Technology has the opportunity to create seamless communication for healthcare organizations, providing a secure and efficient method for ensuring patient, staff and provider satisfaction. It can enable better collaboration for healthcare providers and improves care coordination and delivery. But what happens when technology, such as EHRs, do not communicate with one another?
The value in technology is negated when systems are unable to communicate effectively. Accountable Care Organizations (ACOs), often made up of many practices using different EHRs, struggle with network leakage because of the disparities.
Where does referral leakage rank on your priority list? Too often, it doesn’t hit the priority list until an issue with out-of-network referrals is brought to light. It’s inevitable that some referrals will be sent out-of-network due to preference, location or gaps in specialities. But you first must understand why referrals are leaving your preferred network to determine if it’s a healthy balance.
The Cause
A simple yet complex issue is knowing who is actually in-network. Your preferred network of providers could include hundreds of specialists with many sub-specialities that are being underutilized because your practices aren’t given a good way to manage their list of referral partners.
Referral recipients are often based on a prior relationship or a quick speciality search. Equipping your network with accurate, up to date visibility to in-network providers, specialists and services will improve utilization of your most valuable resources and improve appointment timeliness.
Technology barriers created by multiple EHR systems make it difficult to send and receive referrals but most difficult to track the referral status, making coordinating patient care challenging.
An EHR is typically one of the largest technology investments and the source of truth for patient information. Utilizing tools that work in conjunction with individual EHRs allow ACOs to operate efficiently and without implementing one common electronic health record platform network-wide.
The Effect
Uncoordinated patient care is often a result of patients being referred outside of a preferred network of providers. An ACO has the ability to set standards for patient referrals such as:
- Referral must be made on a single system wide referral form
- Types of notes and data required to support each referral request
- Appointments must be set and communicated to patients within XX days/hours
- Consult reports must be shared within xx hours/days of a patient visit
These standards will ensure closed loop communication and better-coordinated patient care between primary care and specialists. Patients are less likely to become frustrated by delays in care or lack of communication when standards are in place.

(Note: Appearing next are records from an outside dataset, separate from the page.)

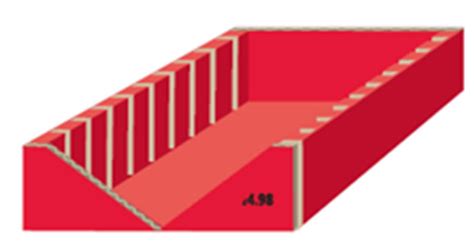 Information on the technical standards and guidelines that esma is currently working on can be. Beama Packaging Design Co., Ltd.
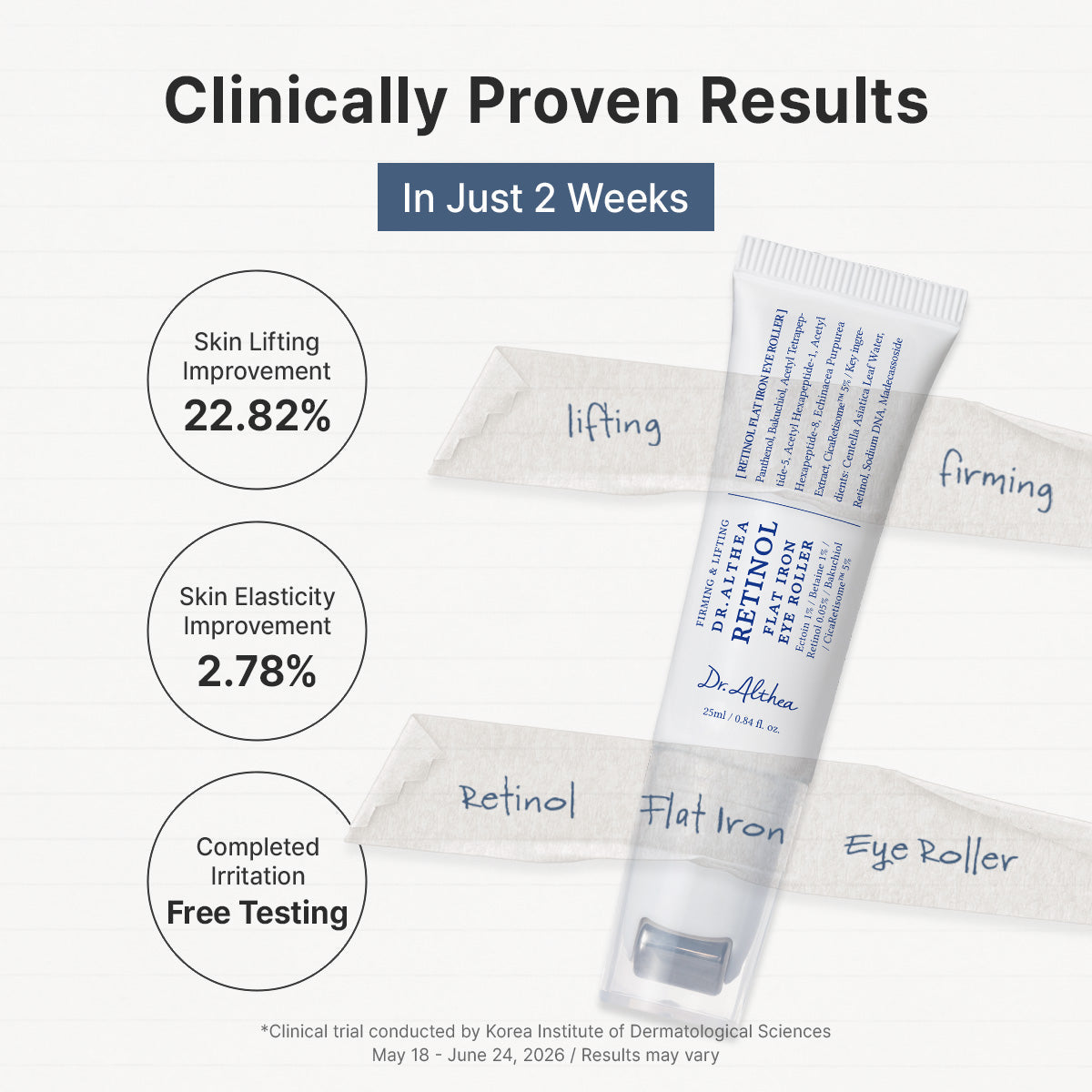 DR.ALTHEA Retinol Flat Iron Eye Roller packaging and box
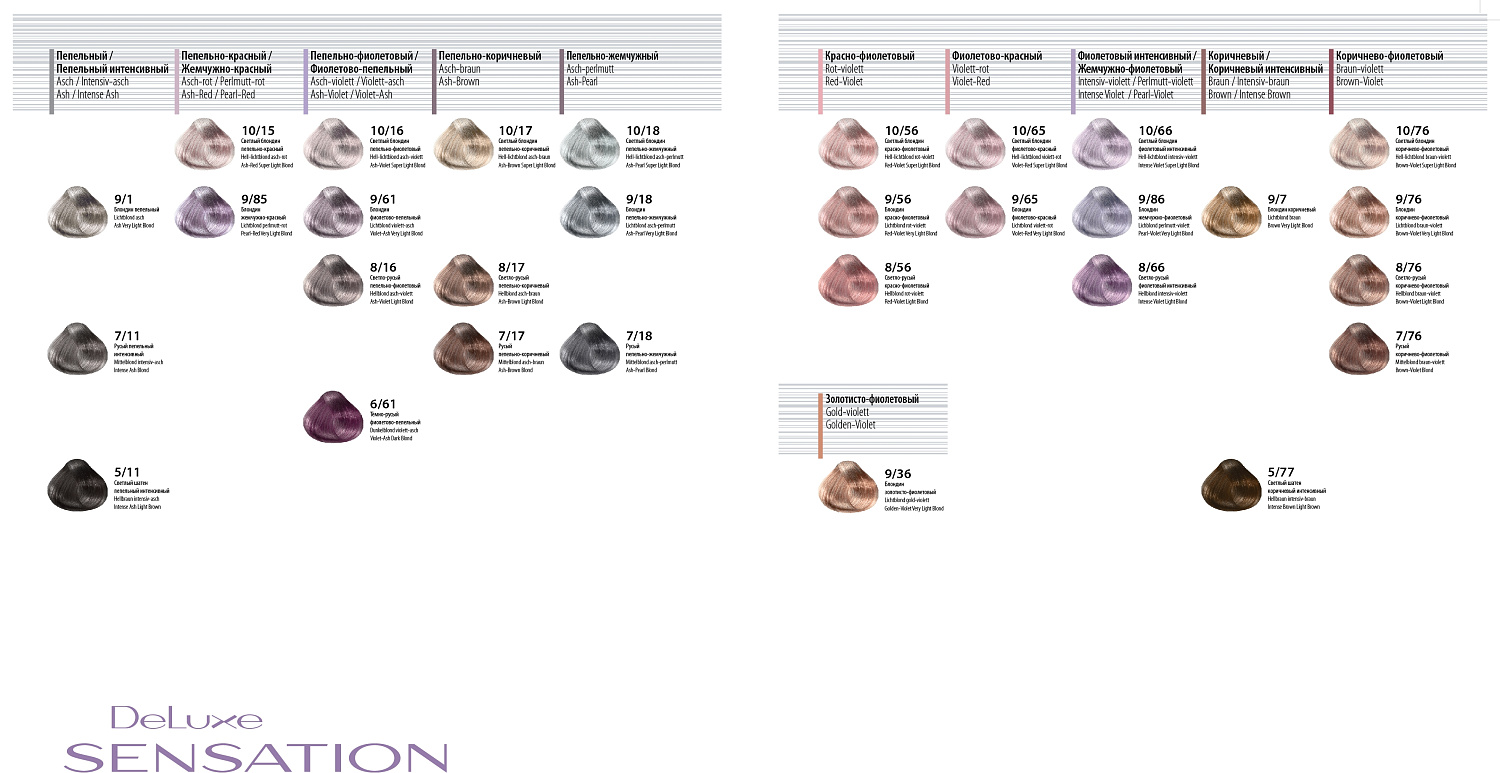 Estel Professional в интернет-магазине Проф Косметика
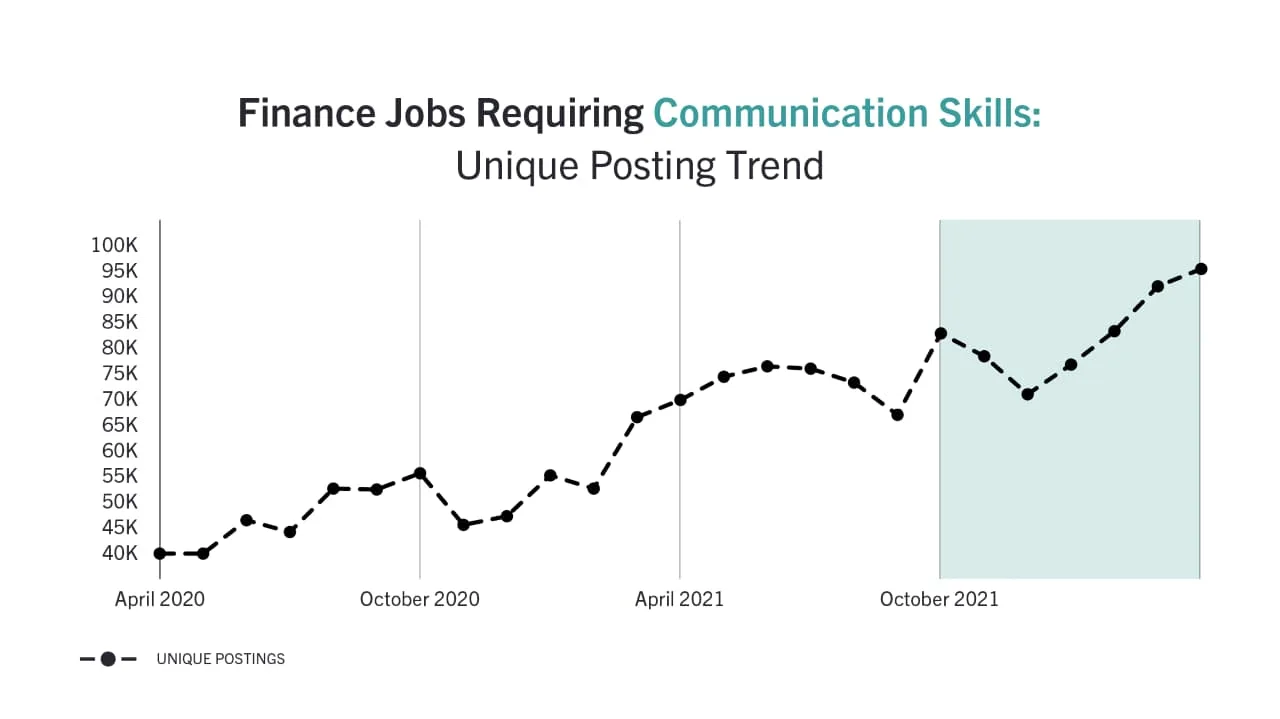 Graph shows increasing demand for communication skills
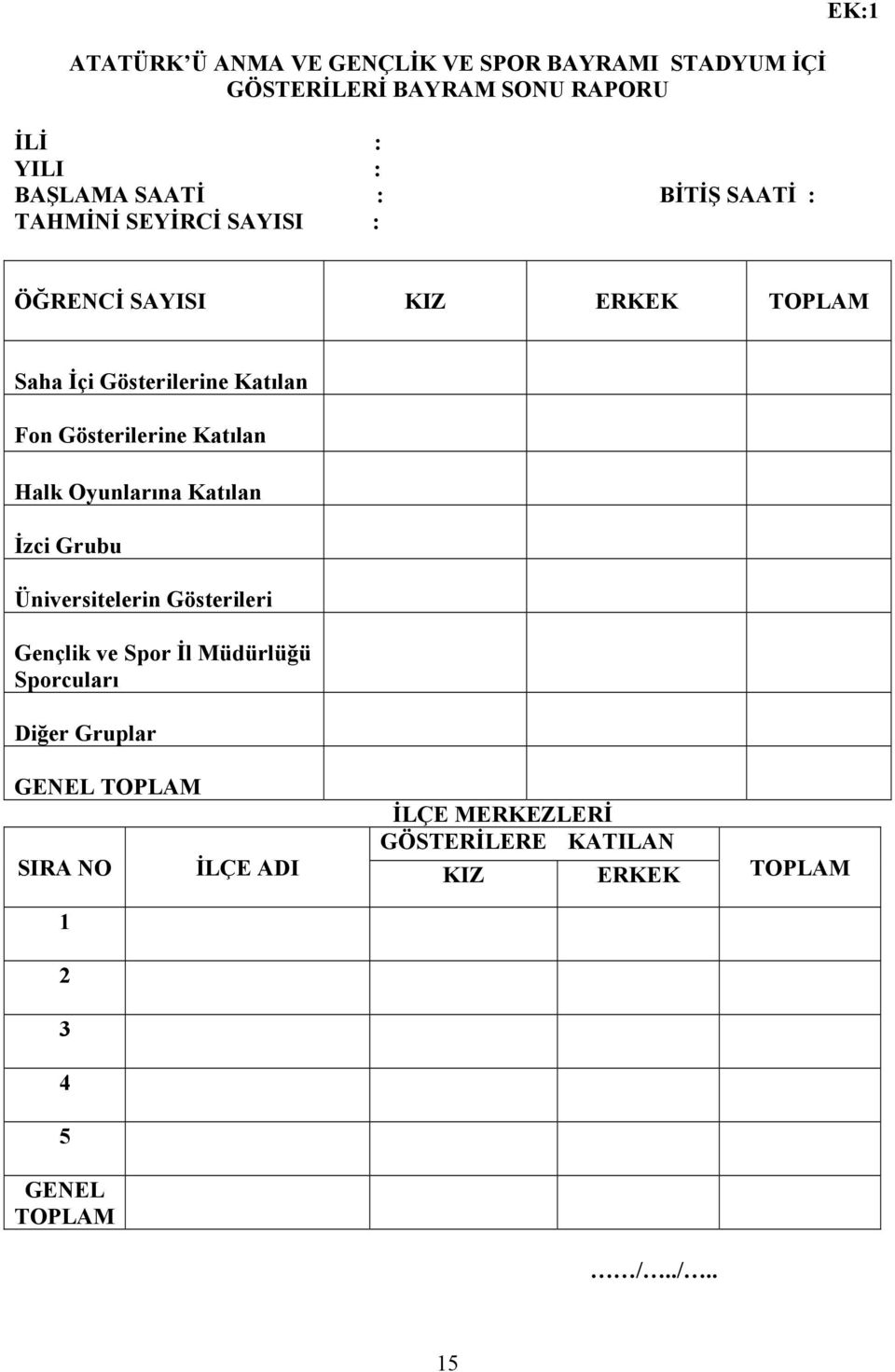 Katılan Halk Oyunlarına Katılan İzci Grubu Üniversitelerin Gösterileri Gençlik ve Spor İl Müdürlüğü Sporcuları Diğer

Out-of-network leakage can create major financial burdens on ACOs over time. Depending on the ACO and size, patient referrals being sent out to out-of-network providers can equate to millions of dollars. The success of an ACO’s physician network is dependent on incoming revenue, patient satisfaction and providers improving care delivery.
The upside is that within a few months, revenue can greatly increase if the appropriate steps are taken to decrease referrals sent outside of your preferred provider network.